§ **DIRECTIONS**
This calls for a verbatim copy of all the data, with no images carried over.

§ **Scraped caption text data**
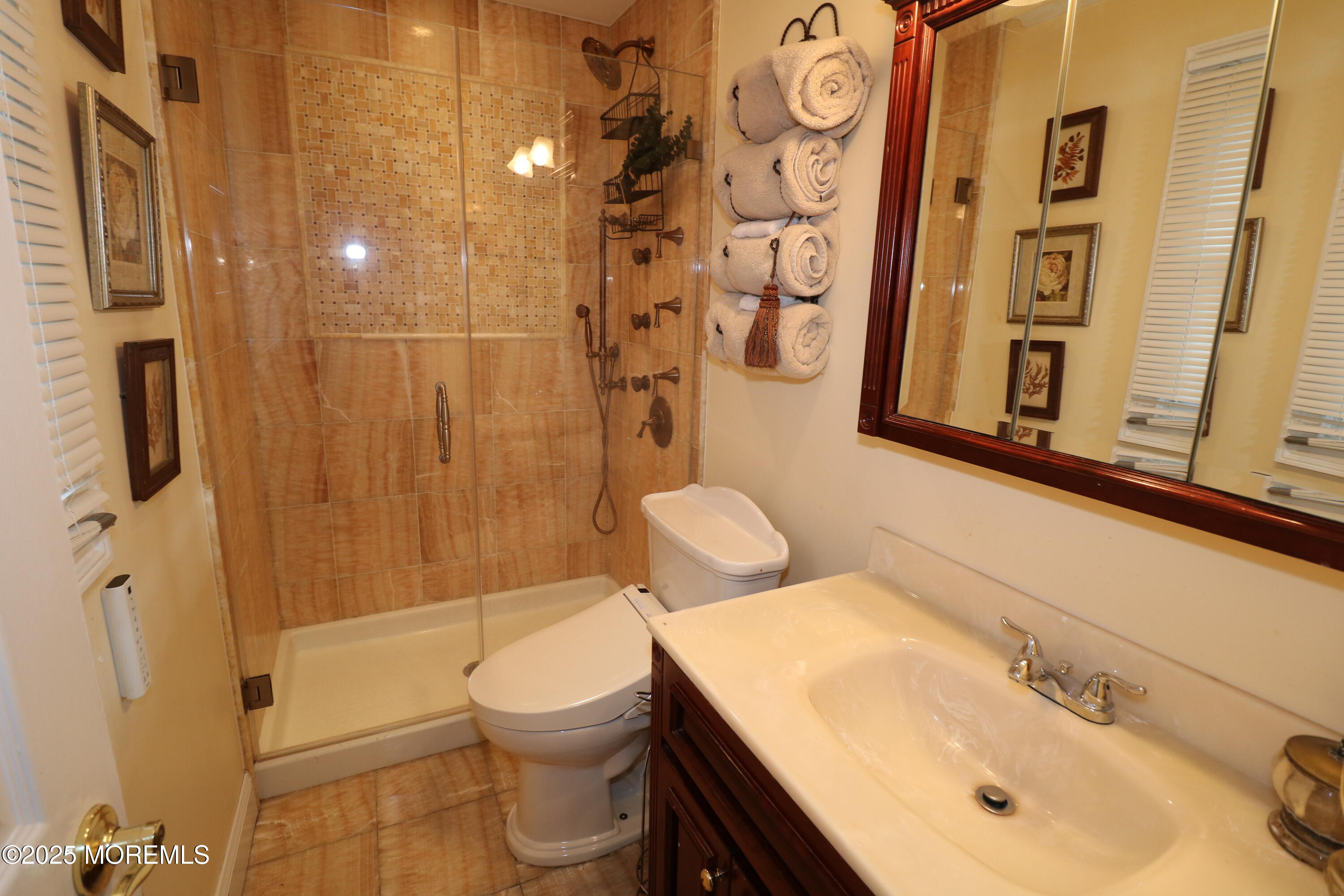 Aberdeen, New Jersey, 07747, United States, 3 Bedrooms Bedrooms, ,2 BathroomsBathrooms,Residential,For Sale,1992431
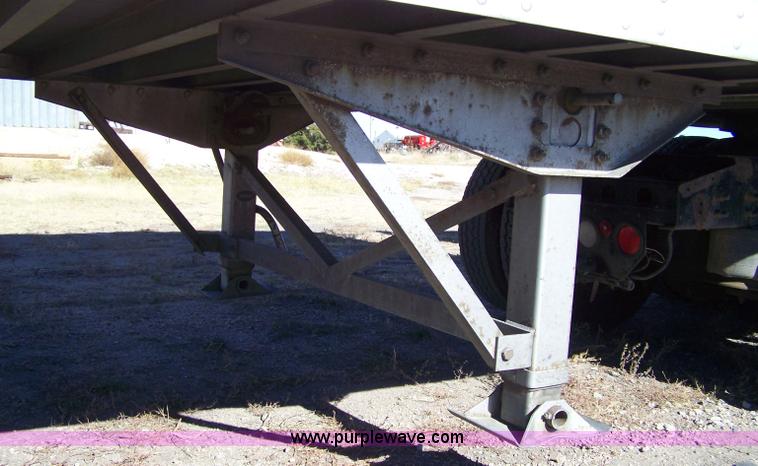 image for item 7507 2006 Lufkin 53' van trailer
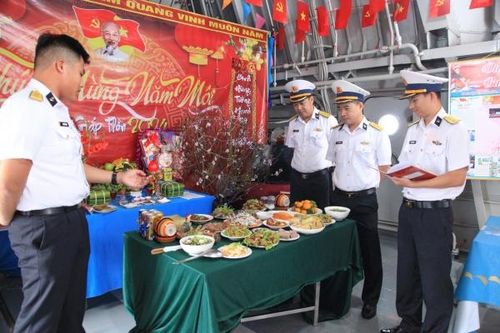 Sôi nổi hoạt động đón xuân ở các đơn vị quân đội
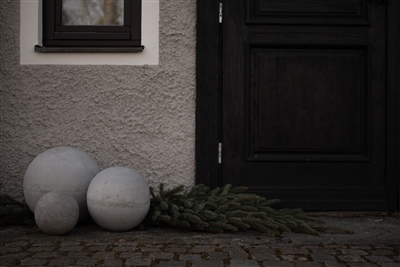 Sm. GARDEN Concrete Ball - Concrete - Imagen 2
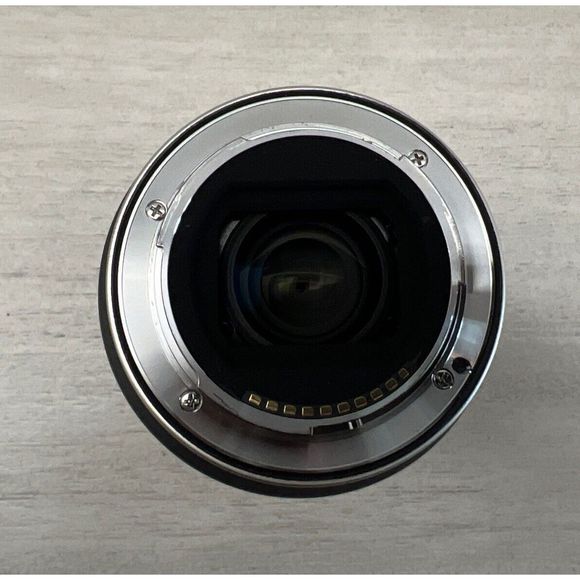 TAMRON 17-28mm F/2.8 camera lens (for SONY) - Picture 7 of 9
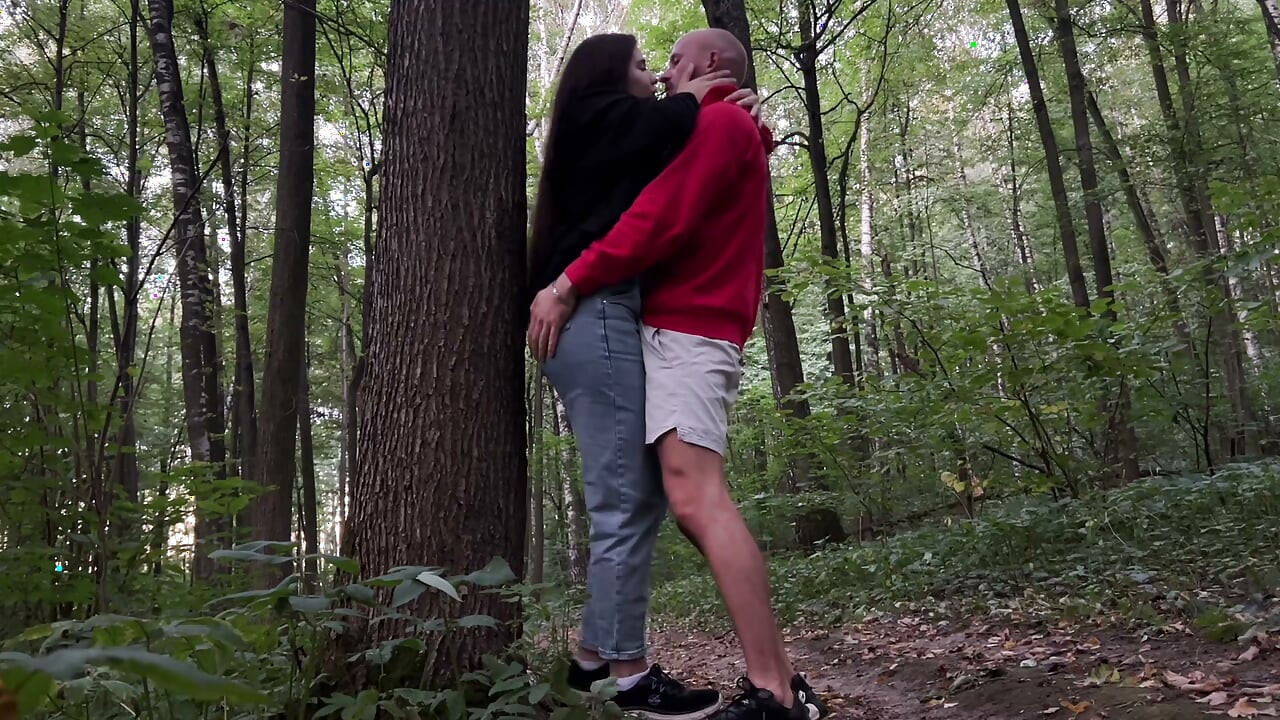 Extreme sex in the forest: with a young girl with big breasts.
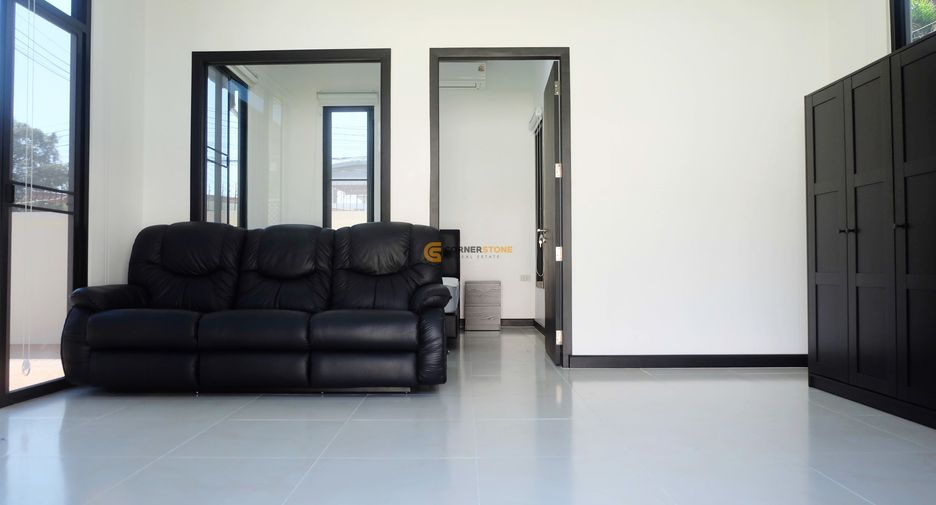 For rent and for sale 4 bedrooms house in Bang Lamung, Chonburi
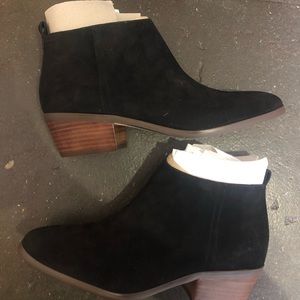 Jcrew black velvet booties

§ **TASK ANSWER**
 Aberdeen, New Jersey, 07747, United States, 3 Bedrooms Bedrooms, ,2 BathroomsBathrooms,Residential,For Sale,1992431
 image for item 7507 2006 Lufkin 53' van trailer
 Sôi nổi hoạt động đón xuân ở các đơn vị quân đội
 Sm. GARDEN Concrete Ball - Concrete - Imagen 2
 TAMRON 17-28mm F/2.8 camera lens (for SONY) - Picture 7 of 9
 Extreme sex in the forest: with a young girl with big breasts.
 For rent and for sale 4 bedrooms house in Bang Lamung, Chonburi
 Jcrew black velvet booties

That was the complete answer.